═════ Input records

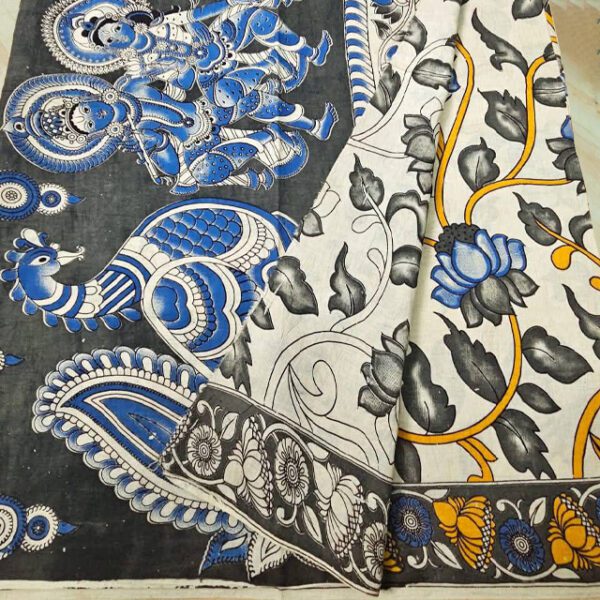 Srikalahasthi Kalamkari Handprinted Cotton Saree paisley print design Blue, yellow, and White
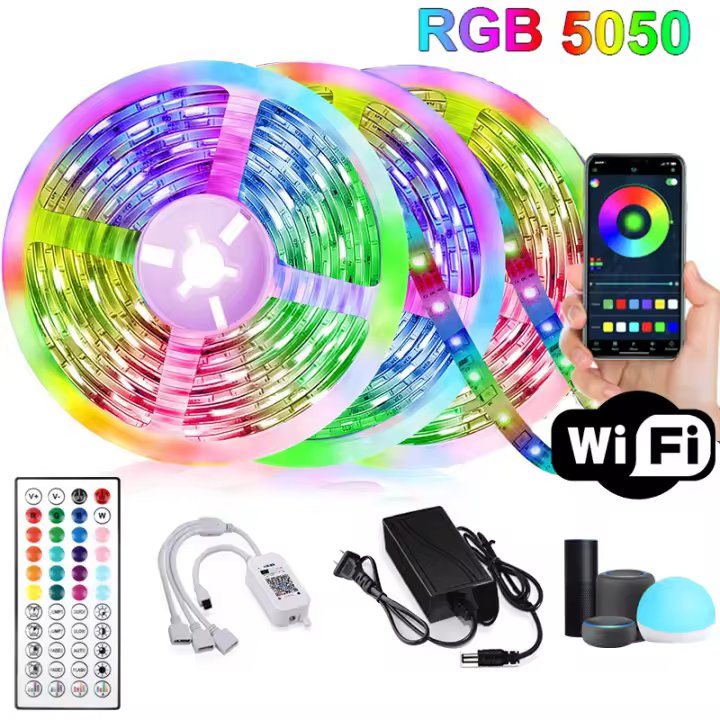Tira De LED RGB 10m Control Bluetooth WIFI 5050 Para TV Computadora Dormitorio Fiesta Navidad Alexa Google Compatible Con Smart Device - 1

══════════
═════ Input records

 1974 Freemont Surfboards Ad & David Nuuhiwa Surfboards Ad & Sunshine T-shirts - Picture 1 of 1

══════════
═════ Input records

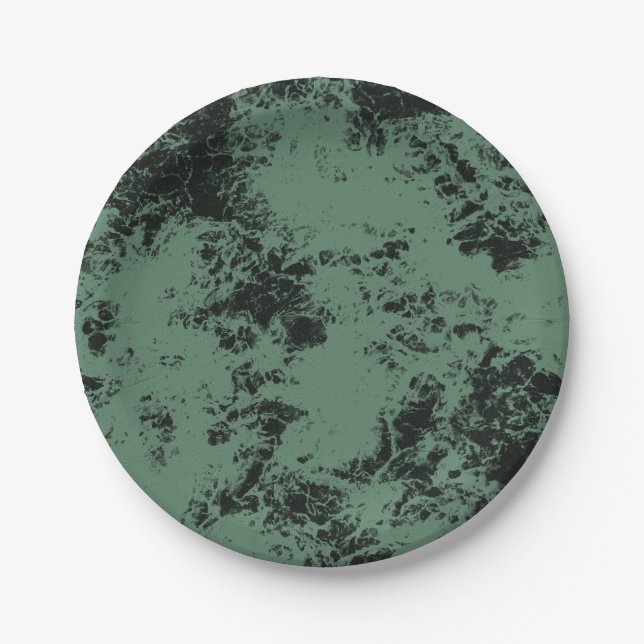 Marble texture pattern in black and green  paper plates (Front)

══════════

= What to do =
I would like the exact lines from the data above, starting with the one that holds "Srikalahasthi Kalamkari Handprinted" and going on through the one that holds "Tira De LED", without the pictures.

= Written response =
 Srikalahasthi Kalamkari Handprinted Cotton Saree paisley print design Blue, yellow, and White
Tira De LED RGB 10m Control Bluetooth WIFI 5050 Para TV Computadora Dormitorio Fiesta Navidad Alexa Google Compatible Con Smart Device - 1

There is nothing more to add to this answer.